WHAT THE EXERCISE ASKS: Using the data that follows, output only the lines from the line with "Sweet Corn Premium" up to and including the line with "Panerai Luminor Marina", exactly, leaving pictures aside.

EXERCISE INPUT:
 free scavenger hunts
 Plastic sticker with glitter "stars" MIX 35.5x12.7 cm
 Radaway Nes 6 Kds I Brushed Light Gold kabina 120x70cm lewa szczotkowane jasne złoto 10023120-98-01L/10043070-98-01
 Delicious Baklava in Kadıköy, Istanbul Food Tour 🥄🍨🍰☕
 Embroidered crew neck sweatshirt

==

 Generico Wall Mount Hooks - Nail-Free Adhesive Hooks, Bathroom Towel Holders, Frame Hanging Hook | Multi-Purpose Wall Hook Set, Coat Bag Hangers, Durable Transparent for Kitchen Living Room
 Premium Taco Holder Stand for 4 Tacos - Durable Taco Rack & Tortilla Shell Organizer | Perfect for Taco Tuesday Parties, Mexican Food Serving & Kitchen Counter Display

---

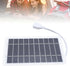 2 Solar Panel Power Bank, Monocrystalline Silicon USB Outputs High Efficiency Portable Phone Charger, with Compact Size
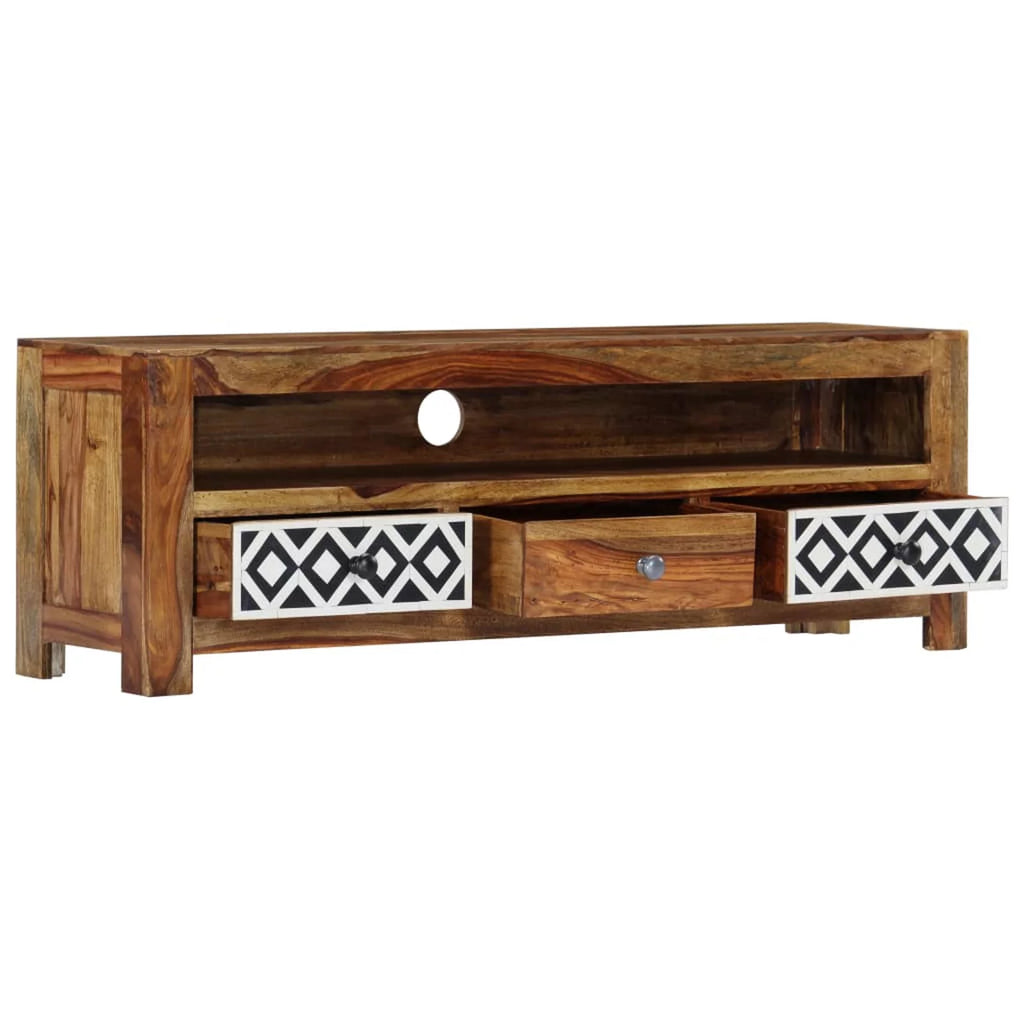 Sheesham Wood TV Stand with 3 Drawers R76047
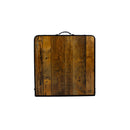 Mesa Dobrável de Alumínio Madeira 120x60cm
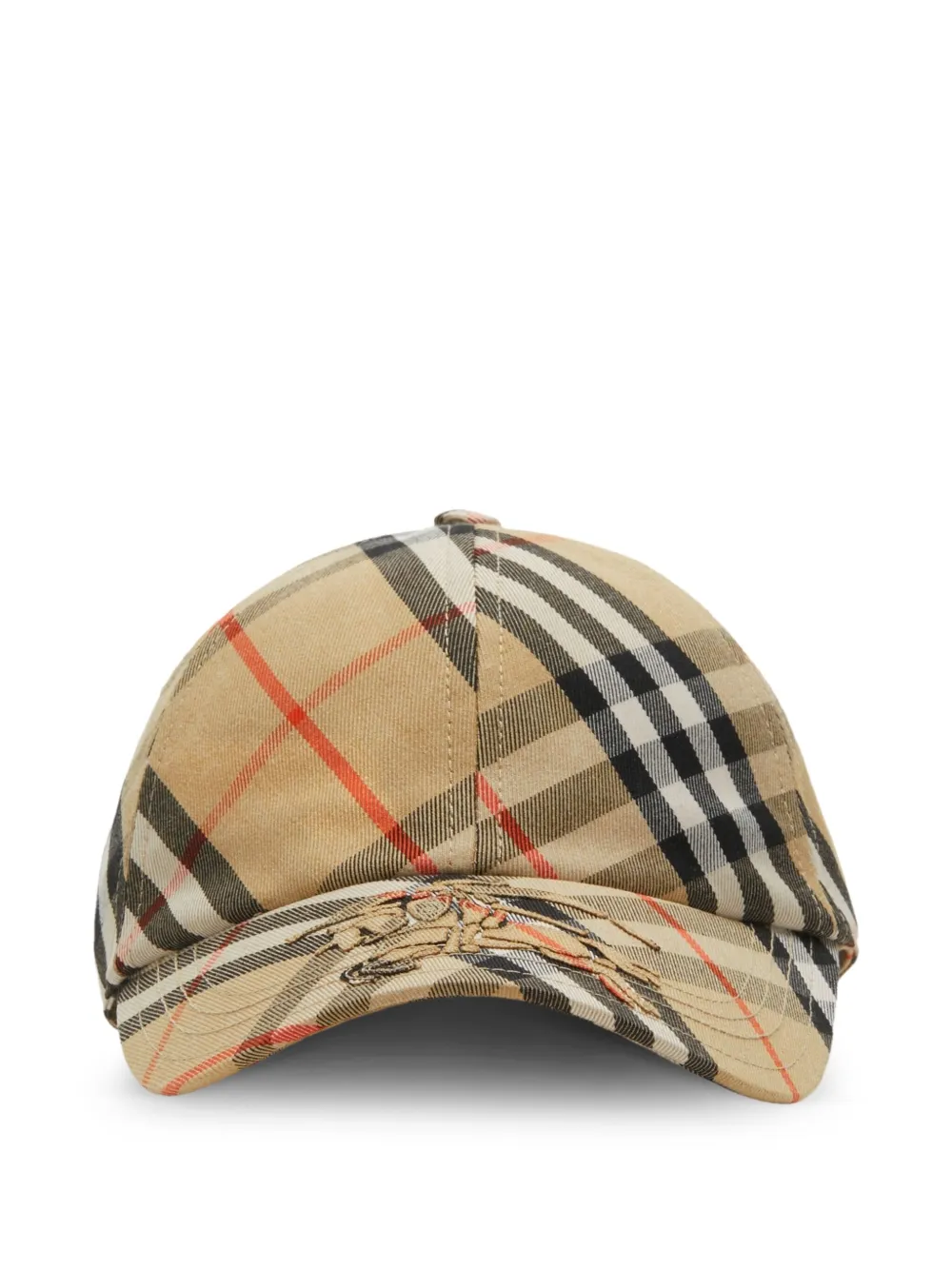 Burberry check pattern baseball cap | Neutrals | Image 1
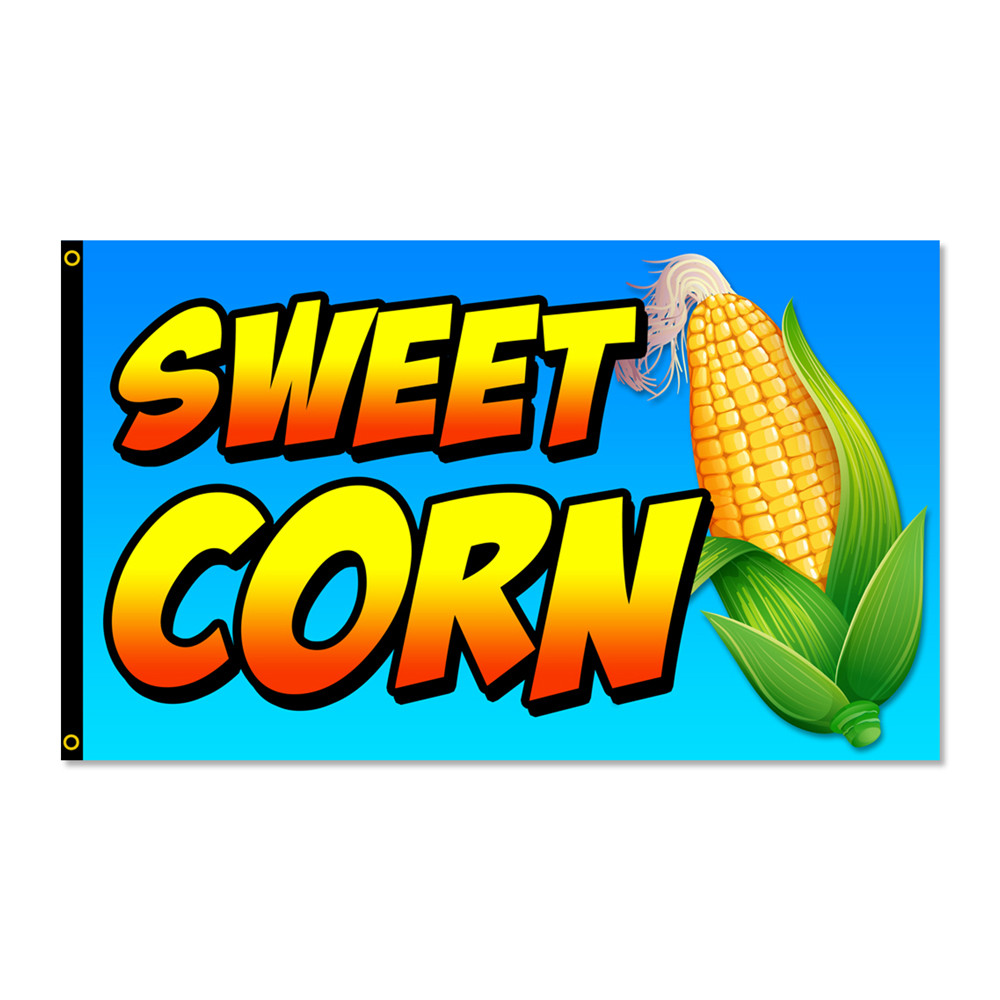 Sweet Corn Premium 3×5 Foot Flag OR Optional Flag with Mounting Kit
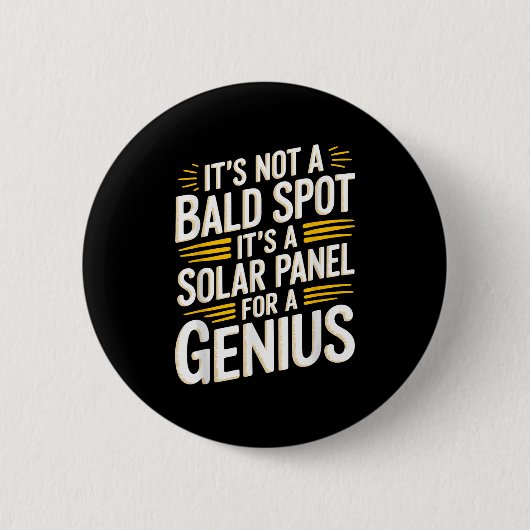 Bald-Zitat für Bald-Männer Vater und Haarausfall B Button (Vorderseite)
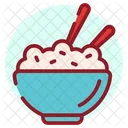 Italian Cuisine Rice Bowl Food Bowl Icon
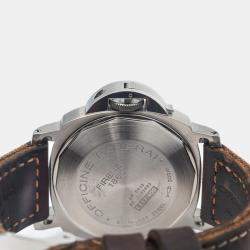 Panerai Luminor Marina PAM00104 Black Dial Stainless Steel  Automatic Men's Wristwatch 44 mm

EXPECTED OUTPUT:
 Sweet Corn Premium 3×5 Foot Flag OR Optional Flag with Mounting Kit
 Bald-Zitat für Bald-Männer Vater und Haarausfall B Button (Vorderseite)
 Italian Cuisine Rice Bowl Food Bowl Icon
 Panerai Luminor Marina PAM00104 Black Dial Stainless Steel  Automatic Men's Wristwatch 44 mm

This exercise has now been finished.